→ EXERCISE DESCRIPTION:
Return all of the material, keeping each line exactly as it is.

********

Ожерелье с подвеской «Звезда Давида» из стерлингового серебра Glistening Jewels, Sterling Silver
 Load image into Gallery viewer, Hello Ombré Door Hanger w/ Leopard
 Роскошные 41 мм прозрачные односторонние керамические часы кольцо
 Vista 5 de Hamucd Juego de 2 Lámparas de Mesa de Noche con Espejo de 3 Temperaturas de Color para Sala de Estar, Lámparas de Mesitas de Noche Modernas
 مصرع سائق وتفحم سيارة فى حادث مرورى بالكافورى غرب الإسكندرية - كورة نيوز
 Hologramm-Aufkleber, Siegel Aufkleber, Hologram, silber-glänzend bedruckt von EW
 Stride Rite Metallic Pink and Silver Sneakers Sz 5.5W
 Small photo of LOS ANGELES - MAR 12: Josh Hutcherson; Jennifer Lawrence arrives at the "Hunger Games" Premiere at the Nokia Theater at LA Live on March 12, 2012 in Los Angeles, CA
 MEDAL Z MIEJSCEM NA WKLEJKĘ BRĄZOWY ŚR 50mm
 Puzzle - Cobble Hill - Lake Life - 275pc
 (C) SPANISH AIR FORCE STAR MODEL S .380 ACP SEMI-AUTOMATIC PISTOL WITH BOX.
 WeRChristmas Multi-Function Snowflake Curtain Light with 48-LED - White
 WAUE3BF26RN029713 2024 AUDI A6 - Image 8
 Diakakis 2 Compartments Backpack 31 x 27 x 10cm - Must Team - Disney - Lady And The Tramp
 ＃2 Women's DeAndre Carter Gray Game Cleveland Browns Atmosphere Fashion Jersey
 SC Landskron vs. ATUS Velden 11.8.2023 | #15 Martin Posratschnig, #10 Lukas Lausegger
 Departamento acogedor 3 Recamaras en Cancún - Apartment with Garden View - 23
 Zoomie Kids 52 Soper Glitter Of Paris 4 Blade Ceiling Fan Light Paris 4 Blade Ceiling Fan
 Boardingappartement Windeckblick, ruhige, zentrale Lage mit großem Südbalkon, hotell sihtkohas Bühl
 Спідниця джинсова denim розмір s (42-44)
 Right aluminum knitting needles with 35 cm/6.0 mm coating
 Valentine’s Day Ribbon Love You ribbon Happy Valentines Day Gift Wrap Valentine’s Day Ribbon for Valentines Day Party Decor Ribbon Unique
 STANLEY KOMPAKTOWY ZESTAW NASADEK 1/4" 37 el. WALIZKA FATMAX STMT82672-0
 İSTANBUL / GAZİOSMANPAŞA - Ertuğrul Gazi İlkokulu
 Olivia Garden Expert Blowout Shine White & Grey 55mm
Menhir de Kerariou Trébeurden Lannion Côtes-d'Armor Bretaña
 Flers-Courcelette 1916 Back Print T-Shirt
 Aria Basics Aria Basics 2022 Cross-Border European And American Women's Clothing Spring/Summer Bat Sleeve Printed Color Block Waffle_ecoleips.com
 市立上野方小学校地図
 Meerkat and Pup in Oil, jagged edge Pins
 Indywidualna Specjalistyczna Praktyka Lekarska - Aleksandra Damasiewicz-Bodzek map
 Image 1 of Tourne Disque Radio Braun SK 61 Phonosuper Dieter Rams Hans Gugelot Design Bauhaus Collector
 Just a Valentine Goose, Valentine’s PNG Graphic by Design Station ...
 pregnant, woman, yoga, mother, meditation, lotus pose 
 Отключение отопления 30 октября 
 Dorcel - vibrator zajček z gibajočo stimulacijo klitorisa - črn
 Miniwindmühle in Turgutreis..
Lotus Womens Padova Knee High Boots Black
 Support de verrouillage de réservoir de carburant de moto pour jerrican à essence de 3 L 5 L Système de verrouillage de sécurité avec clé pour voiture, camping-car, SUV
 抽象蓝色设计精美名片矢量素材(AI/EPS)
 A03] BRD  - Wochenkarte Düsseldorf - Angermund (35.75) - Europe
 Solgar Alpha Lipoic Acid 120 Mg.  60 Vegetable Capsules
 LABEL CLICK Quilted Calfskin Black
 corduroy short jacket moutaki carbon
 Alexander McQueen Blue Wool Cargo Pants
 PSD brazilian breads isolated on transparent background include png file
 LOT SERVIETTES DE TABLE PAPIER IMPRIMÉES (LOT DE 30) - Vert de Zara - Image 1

********

→ ANSWER SPACE:
Ожерелье с подвеской «Звезда Давида» из стерлингового серебра Glistening Jewels, Sterling Silver
 Load image into Gallery viewer, Hello Ombré Door Hanger w/ Leopard
 Роскошные 41 мм прозрачные односторонние керамические часы кольцо
 Vista 5 de Hamucd Juego de 2 Lámparas de Mesa de Noche con Espejo de 3 Temperaturas de Color para Sala de Estar, Lámparas de Mesitas de Noche Modernas
 مصرع سائق وتفحم سيارة فى حادث مرورى بالكافورى غرب الإسكندرية - كورة نيوز
 Hologramm-Aufkleber, Siegel Aufkleber, Hologram, silber-glänzend bedruckt von EW
 Stride Rite Metallic Pink and Silver Sneakers Sz 5.5W
 Small photo of LOS ANGELES - MAR 12: Josh Hutcherson; Jennifer Lawrence arrives at the "Hunger Games" Premiere at the Nokia Theater at LA Live on March 12, 2012 in Los Angeles, CA
 MEDAL Z MIEJSCEM NA WKLEJKĘ BRĄZOWY ŚR 50mm
 Puzzle - Cobble Hill - Lake Life - 275pc
 (C) SPANISH AIR FORCE STAR MODEL S .380 ACP SEMI-AUTOMATIC PISTOL WITH BOX.
 WeRChristmas Multi-Function Snowflake Curtain Light with 48-LED - White
 WAUE3BF26RN029713 2024 AUDI A6 - Image 8
 Diakakis 2 Compartments Backpack 31 x 27 x 10cm - Must Team - Disney - Lady And The Tramp
 ＃2 Women's DeAndre Carter Gray Game Cleveland Browns Atmosphere Fashion Jersey
 SC Landskron vs. ATUS Velden 11.8.2023 | #15 Martin Posratschnig, #10 Lukas Lausegger
 Departamento acogedor 3 Recamaras en Cancún - Apartment with Garden View - 23
 Zoomie Kids 52 Soper Glitter Of Paris 4 Blade Ceiling Fan Light Paris 4 Blade Ceiling Fan
 Boardingappartement Windeckblick, ruhige, zentrale Lage mit großem Südbalkon, hotell sihtkohas Bühl
 Спідниця джинсова denim розмір s (42-44)
 Right aluminum knitting needles with 35 cm/6.0 mm coating
 Valentine’s Day Ribbon Love You ribbon Happy Valentines Day Gift Wrap Valentine’s Day Ribbon for Valentines Day Party Decor Ribbon Unique
 STANLEY KOMPAKTOWY ZESTAW NASADEK 1/4" 37 el. WALIZKA FATMAX STMT82672-0
 İSTANBUL / GAZİOSMANPAŞA - Ertuğrul Gazi İlkokulu
 Olivia Garden Expert Blowout Shine White & Grey 55mm
Menhir de Kerariou Trébeurden Lannion Côtes-d'Armor Bretaña
 Flers-Courcelette 1916 Back Print T-Shirt
 Aria Basics Aria Basics 2022 Cross-Border European And American Women's Clothing Spring/Summer Bat Sleeve Printed Color Block Waffle_ecoleips.com
 市立上野方小学校地図
 Meerkat and Pup in Oil, jagged edge Pins
 Indywidualna Specjalistyczna Praktyka Lekarska - Aleksandra Damasiewicz-Bodzek map
 Image 1 of Tourne Disque Radio Braun SK 61 Phonosuper Dieter Rams Hans Gugelot Design Bauhaus Collector
 Just a Valentine Goose, Valentine’s PNG Graphic by Design Station ...
 pregnant, woman, yoga, mother, meditation, lotus pose 
 Отключение отопления 30 октября 
 Dorcel - vibrator zajček z gibajočo stimulacijo klitorisa - črn
 Miniwindmühle in Turgutreis..
Lotus Womens Padova Knee High Boots Black
 Support de verrouillage de réservoir de carburant de moto pour jerrican à essence de 3 L 5 L Système de verrouillage de sécurité avec clé pour voiture, camping-car, SUV
 抽象蓝色设计精美名片矢量素材(AI/EPS)
 A03] BRD  - Wochenkarte Düsseldorf - Angermund (35.75) - Europe
 Solgar Alpha Lipoic Acid 120 Mg.  60 Vegetable Capsules
 LABEL CLICK Quilted Calfskin Black
 corduroy short jacket moutaki carbon
 Alexander McQueen Blue Wool Cargo Pants
 PSD brazilian breads isolated on transparent background include png file
 LOT SERVIETTES DE TABLE PAPIER IMPRIMÉES (LOT DE 30) - Vert de Zara - Image 1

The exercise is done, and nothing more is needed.